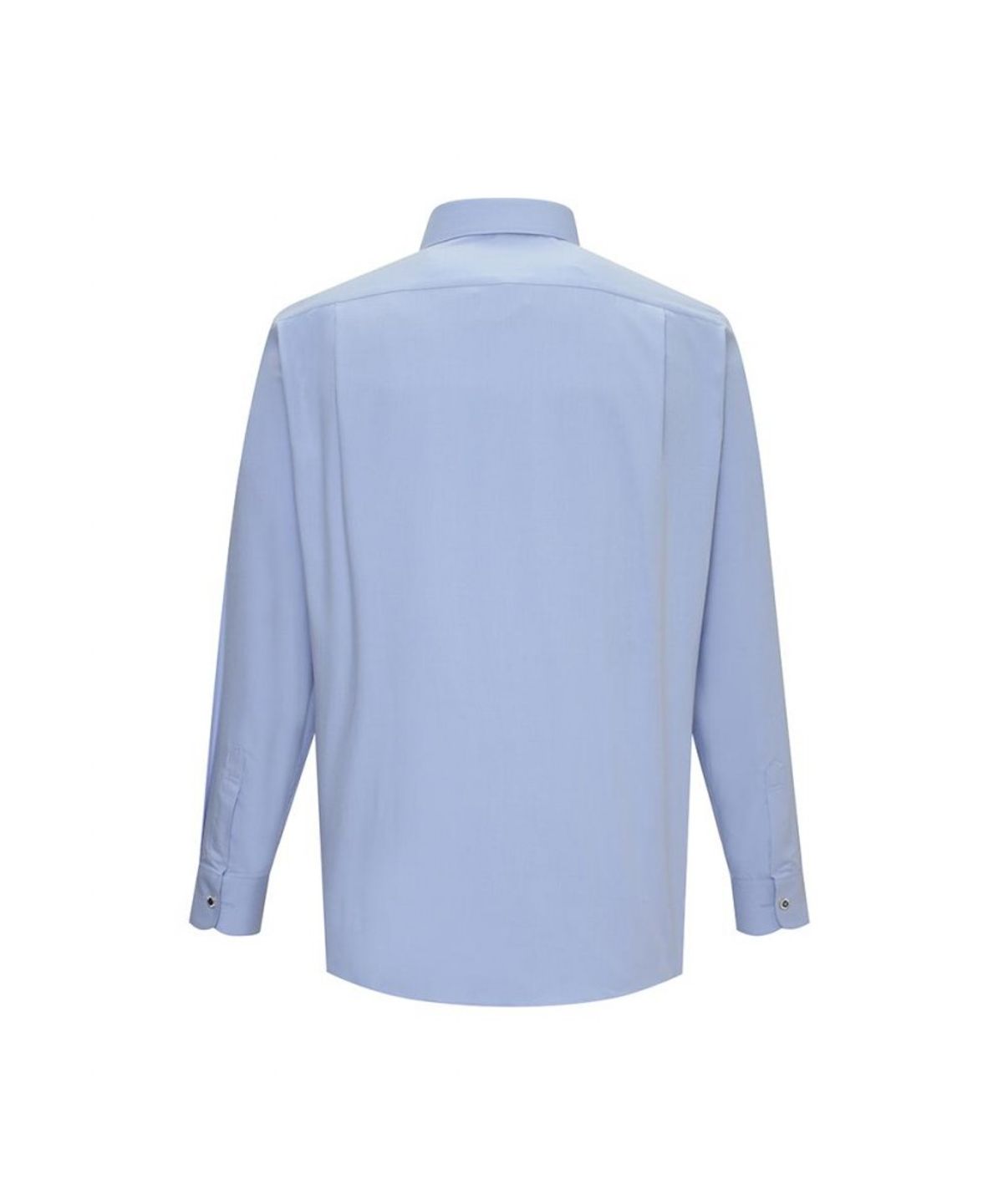 닥스셔츠(DAKS SHIRTS) 노케어 폴리혼방 솔리드 드레스 셔츠 레귤러핏_DLA1SHDL104B1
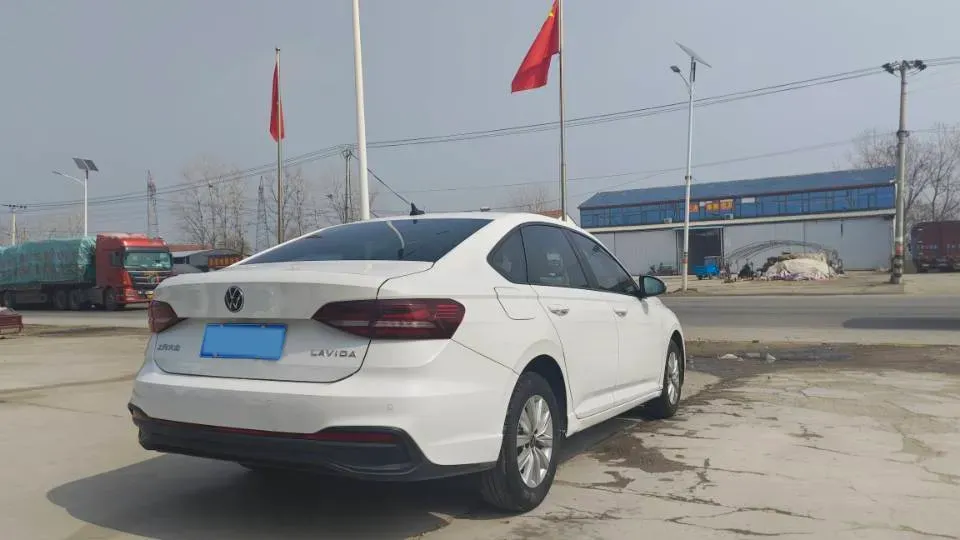 2023 Volkswagen Lavida 1.5L 113HP L4 6AT,autocango,china used car exporter,china ev exporter,chinese used car exporter,chinese used ev exporter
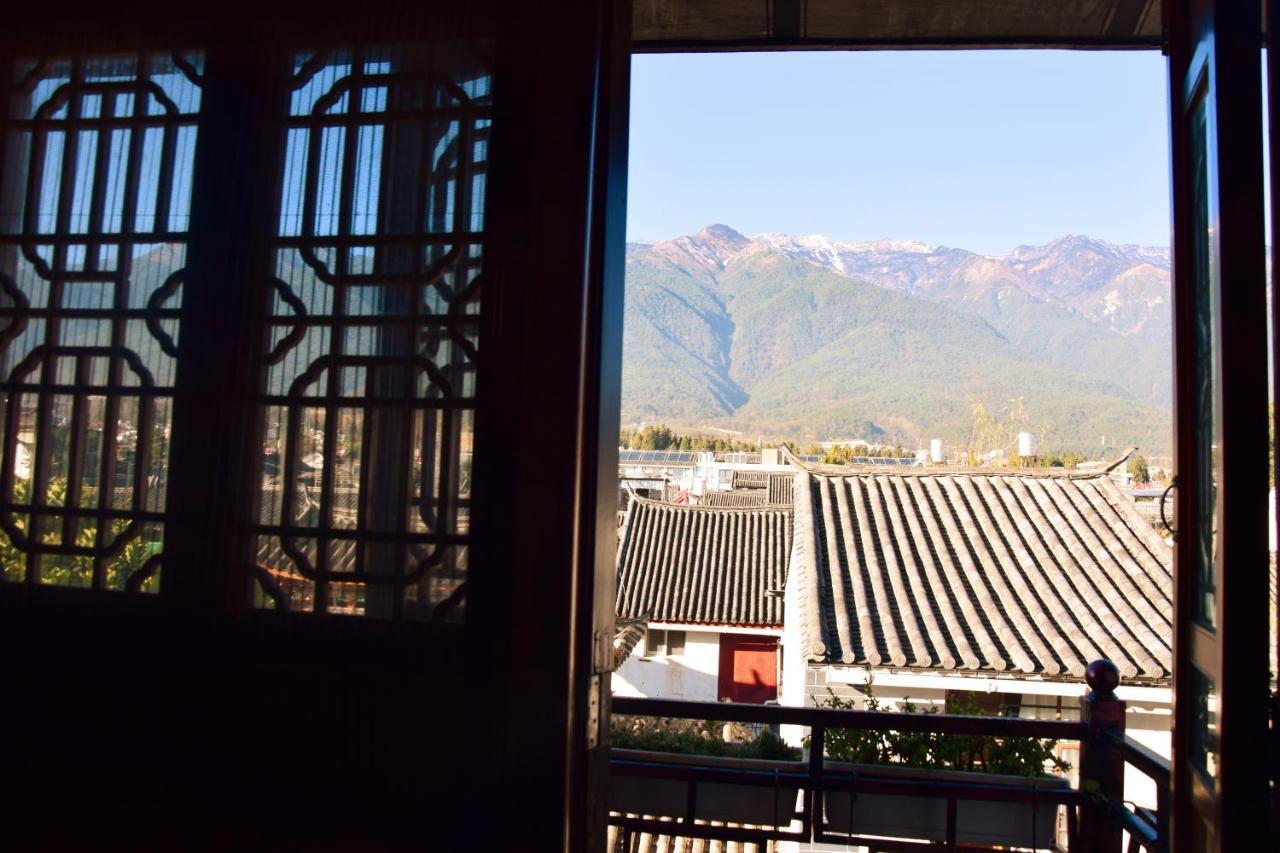 Dali Taihe Boutique Inn Dali (Yunnan) Eksteriør billede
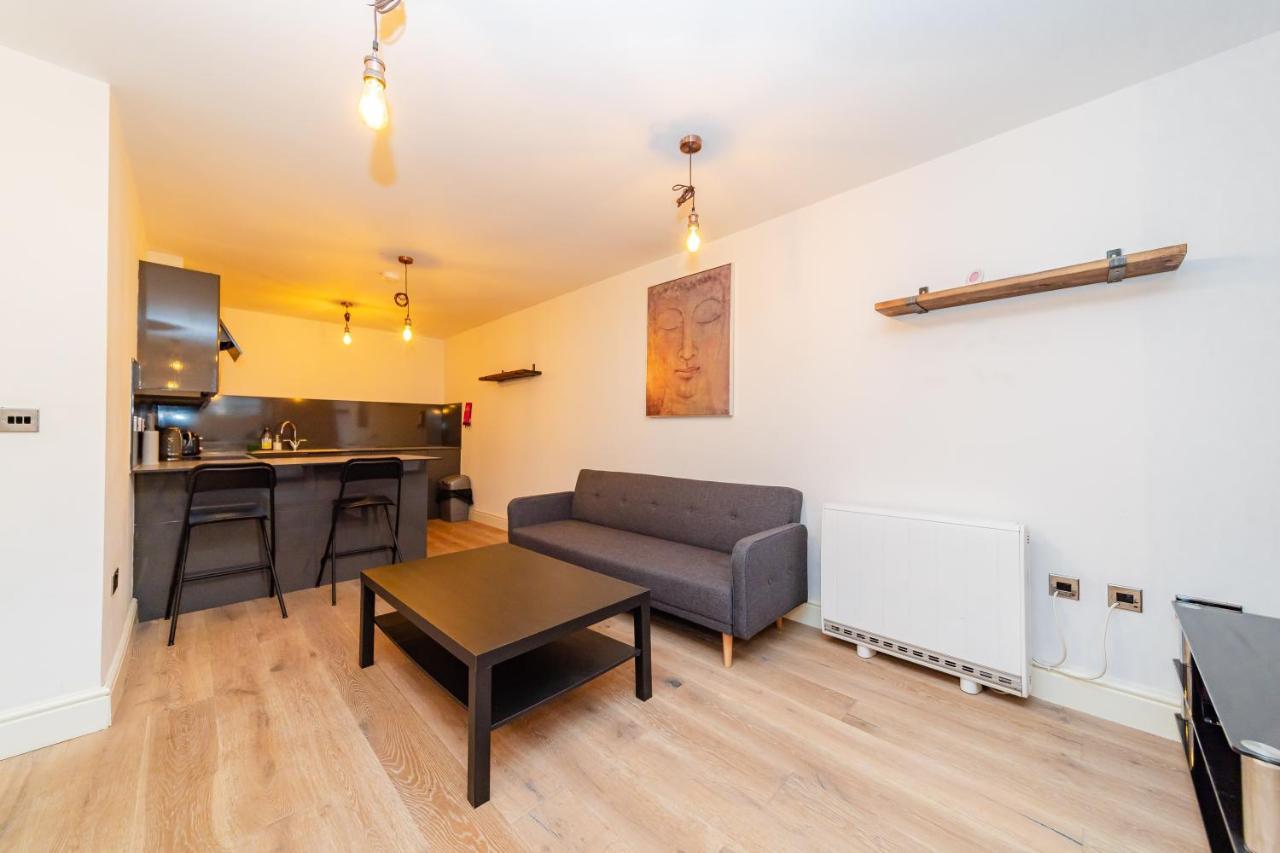 Flash Sale Brighton City Centre Seafront 1 Bedroom Flat Bn115Fsto02 Zewnętrze zdjęcie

--- --- ---

Print exactly the line containing "Dali Taihe Boutique" and every line after it through the final line above, and leave all pictures out.

TASK RESULT
 Dali Taihe Boutique Inn Dali (Yunnan) Eksteriør billede
 Flash Sale Brighton City Centre Seafront 1 Bedroom Flat Bn115Fsto02 Zewnętrze zdjęcie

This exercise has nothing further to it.